Badal Sircar’s philosophy has had direct influence in the theatre practices of Assam, especially in the Barak Valley, since 1980s. The concept of third theatre primarily came to Barak Valley through the Bengali magazine Paribartan, published from Kolkata, and it attracted Barak’s intelligentsia. Theatre enthusiast Prasanta Ganguly, who had attended Badal Sircar’s theatre workshop in Bengal, came to the Hailakandi district in Barak Valley. In 1985, he, along with Bijit Bhattacharya, Santanu Ganguly and others, arranged a workshop by Badal Sircar in Hailakandi. This workshop was attended by several theatre practitioners of different genres in the valley and led to the establishment of two third theatre groups, Gotrohin and Bedwin, in Hailakandi and Silchar respectively, in 1985.

Silchar-based Chorus is currently the only third theatre group in the Barak Valley. It survives not only in the face of the dominant proscenium theatre culture but also leads a strong theatre movement against political and social repressions in the Barak Valley. Biswajit Das, a believer in the antiestablishment theatre, founded Chorus in 1986 after a disagreement with Bedwin, the group he was previously associated with. While Chorus has since continued its journey, Bedwin disbanded after a couple of years and so did Gotrohin after years of activism. Through the difficult times and political unrest in Assam, Chorus upheld the revolutionary spirit of the common people by the means of their theatre.
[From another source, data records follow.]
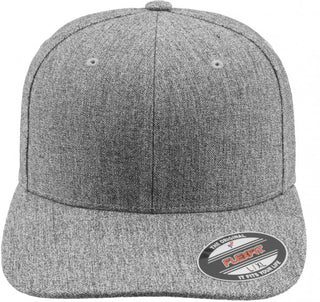 Flexfit Fitted Cap 6277PS Plain Span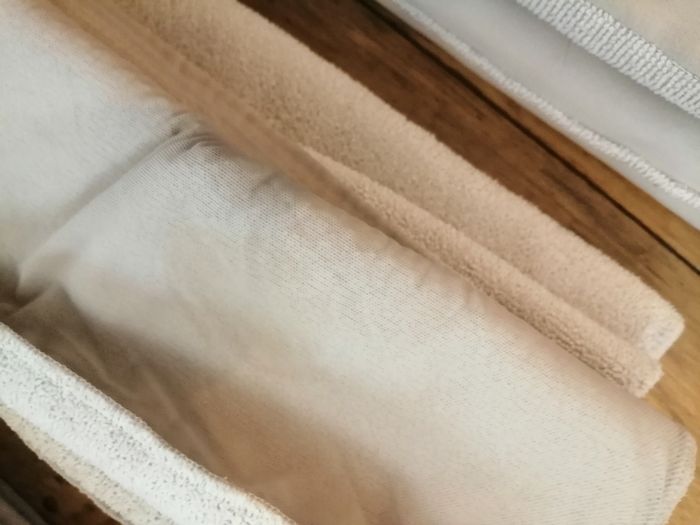 Couches lavables Hamac taille L - photo numéro 5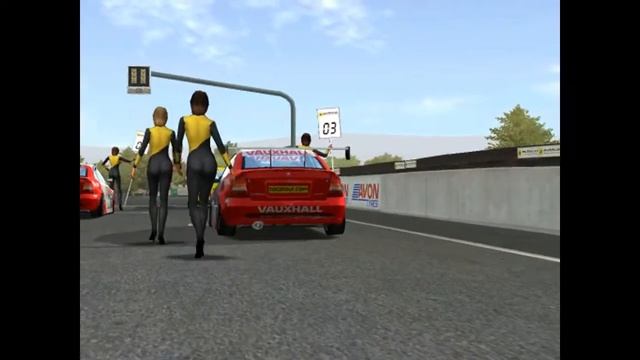 Toca Race Driver 1 2019 windows 10 смотреть онлайн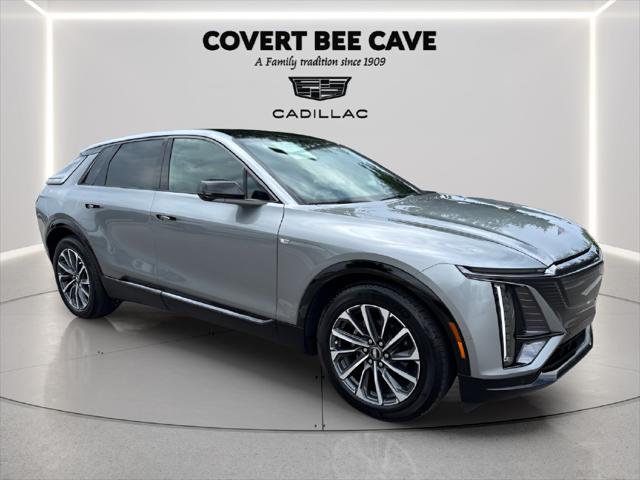 2024 Cadillac iQ Sport w/1SF for sale in Austin, TX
Being a third theatre group, Chorus has, from the very beginning, been committed to revolutionary change in the existing social and political system. According to the ideology of third theatre, a theatre practitioner has an undeniable responsibility towards society and hence must reach the people in their spaces—on the road, in busy markets or in front of factories. Theatre has to reach these spaces with live actors only. It must function without a stage, light effects, costume or elaborate props. Third theatre needs the active participation of spectators, and politically opposes the bourgeois illusion, a phenomenon related to the proscenium structure, created by the gap of light, level and distance. As theatre has to be free from all these means, the actor’s body has to be active, and beyond the verbal dialogues there should be an extended physical language for communication.

Chorus played its first production Britta Venge as a resistance against the notorious SEBA (Secondary Education Board of Assam) circular imposing Assamese as a compulsory third language in school. After massive student agitations, this ruling was withdrawn. Samaresh Basu’s Aadab was dramatised and has been performed by Chorus since 1991; it was able to communicate the crucial message to preserve social harmony in the context of communal riots between Hindus and Muslims. The Barak Valley is a sensitive area with respect to communal issues. Another important play that has shown the suffering of people in Assam due to NRC is Kothay Amar Desh, a live documentation of people in distress at suddenly losing their identity and their country. (Fig. 8) This play is  based on real life and portrays the agony of people in detention camps. Other prominent plays of Chorus include Bhul Swarga, an adaptation of Rabindranath Tagore’s poetry, which starts with the celebrated song of popular Bangladeshi band Jol, ‘Amon Jodi Hoto’. 

Fig. 8: A moment from the play NRC-r Pore, significantly admitting the possible effect of NRC on the working class people (Courtesy: Chorus) 
Fig. 8. A moment from the play NRC-r Pore, significantly admitting the possible effect of NRC on the working class people. (Courtesy: Chorus)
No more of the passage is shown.